Collected data

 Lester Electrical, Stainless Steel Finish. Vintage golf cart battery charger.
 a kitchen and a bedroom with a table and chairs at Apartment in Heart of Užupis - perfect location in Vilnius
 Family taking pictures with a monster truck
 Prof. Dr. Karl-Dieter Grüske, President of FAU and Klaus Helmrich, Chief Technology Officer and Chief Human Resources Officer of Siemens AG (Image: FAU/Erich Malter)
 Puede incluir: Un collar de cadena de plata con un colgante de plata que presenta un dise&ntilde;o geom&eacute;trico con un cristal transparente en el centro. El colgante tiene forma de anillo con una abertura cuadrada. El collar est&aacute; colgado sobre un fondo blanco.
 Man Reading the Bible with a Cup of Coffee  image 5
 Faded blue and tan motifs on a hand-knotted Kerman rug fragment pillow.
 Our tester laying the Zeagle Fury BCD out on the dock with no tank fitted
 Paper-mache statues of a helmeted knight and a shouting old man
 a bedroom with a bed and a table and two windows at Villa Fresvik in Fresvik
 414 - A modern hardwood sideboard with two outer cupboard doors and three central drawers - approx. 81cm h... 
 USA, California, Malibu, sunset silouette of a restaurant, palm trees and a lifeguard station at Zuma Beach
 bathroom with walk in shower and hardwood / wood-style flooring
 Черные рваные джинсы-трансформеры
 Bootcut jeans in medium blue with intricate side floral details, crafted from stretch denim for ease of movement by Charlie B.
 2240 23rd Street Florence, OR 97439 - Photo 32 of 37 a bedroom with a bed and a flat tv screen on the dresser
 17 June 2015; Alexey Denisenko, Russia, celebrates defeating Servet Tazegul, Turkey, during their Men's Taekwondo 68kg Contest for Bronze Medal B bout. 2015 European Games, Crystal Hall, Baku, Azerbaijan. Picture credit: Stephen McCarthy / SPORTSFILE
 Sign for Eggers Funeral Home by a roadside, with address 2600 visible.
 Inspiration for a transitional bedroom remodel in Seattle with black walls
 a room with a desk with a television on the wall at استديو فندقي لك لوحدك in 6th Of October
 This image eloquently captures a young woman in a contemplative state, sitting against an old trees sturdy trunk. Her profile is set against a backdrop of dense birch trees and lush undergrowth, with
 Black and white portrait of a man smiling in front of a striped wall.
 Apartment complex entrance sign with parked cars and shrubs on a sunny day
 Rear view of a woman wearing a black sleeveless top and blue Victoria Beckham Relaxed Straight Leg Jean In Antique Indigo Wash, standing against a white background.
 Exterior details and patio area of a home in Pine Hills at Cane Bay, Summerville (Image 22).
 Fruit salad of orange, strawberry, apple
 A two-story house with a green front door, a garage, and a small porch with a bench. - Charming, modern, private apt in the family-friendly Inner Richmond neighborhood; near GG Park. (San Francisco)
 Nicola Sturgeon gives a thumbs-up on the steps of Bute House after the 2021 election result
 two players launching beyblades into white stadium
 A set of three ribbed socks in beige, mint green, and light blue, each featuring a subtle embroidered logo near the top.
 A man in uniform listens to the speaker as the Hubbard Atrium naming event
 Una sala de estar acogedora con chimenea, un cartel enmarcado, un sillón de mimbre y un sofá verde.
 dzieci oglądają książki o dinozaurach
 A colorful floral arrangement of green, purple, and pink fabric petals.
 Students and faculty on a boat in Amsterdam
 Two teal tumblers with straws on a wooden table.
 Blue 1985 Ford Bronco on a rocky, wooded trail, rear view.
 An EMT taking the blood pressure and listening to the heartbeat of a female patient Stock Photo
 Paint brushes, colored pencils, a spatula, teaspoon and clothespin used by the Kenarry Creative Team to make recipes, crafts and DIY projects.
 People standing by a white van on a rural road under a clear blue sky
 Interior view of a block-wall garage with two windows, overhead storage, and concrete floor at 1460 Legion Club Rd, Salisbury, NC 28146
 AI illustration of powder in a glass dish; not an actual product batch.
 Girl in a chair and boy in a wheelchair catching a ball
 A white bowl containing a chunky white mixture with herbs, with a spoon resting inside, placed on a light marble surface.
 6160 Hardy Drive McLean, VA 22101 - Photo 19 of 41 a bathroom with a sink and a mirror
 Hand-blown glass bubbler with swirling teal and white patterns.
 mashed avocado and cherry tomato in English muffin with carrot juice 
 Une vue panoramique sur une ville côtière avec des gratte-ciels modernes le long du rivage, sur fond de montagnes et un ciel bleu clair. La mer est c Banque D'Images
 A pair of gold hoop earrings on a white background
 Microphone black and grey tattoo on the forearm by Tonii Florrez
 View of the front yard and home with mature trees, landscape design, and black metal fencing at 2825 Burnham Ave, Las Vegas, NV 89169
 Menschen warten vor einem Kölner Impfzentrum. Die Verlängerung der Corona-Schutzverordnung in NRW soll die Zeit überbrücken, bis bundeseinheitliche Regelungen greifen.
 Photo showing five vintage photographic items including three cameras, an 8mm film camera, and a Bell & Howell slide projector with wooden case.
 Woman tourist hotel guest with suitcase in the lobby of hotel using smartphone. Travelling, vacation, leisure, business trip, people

• **Work to be completed**
Please write out exactly the lines from the start of the data through the line that contains "Prof. Dr. Karl-Dieter", both ends included, and nothing else.

• **Task solution**
 Lester Electrical, Stainless Steel Finish. Vintage golf cart battery charger.
 a kitchen and a bedroom with a table and chairs at Apartment in Heart of Užupis - perfect location in Vilnius
 Family taking pictures with a monster truck
 Prof. Dr. Karl-Dieter Grüske, President of FAU and Klaus Helmrich, Chief Technology Officer and Chief Human Resources Officer of Siemens AG (Image: FAU/Erich Malter)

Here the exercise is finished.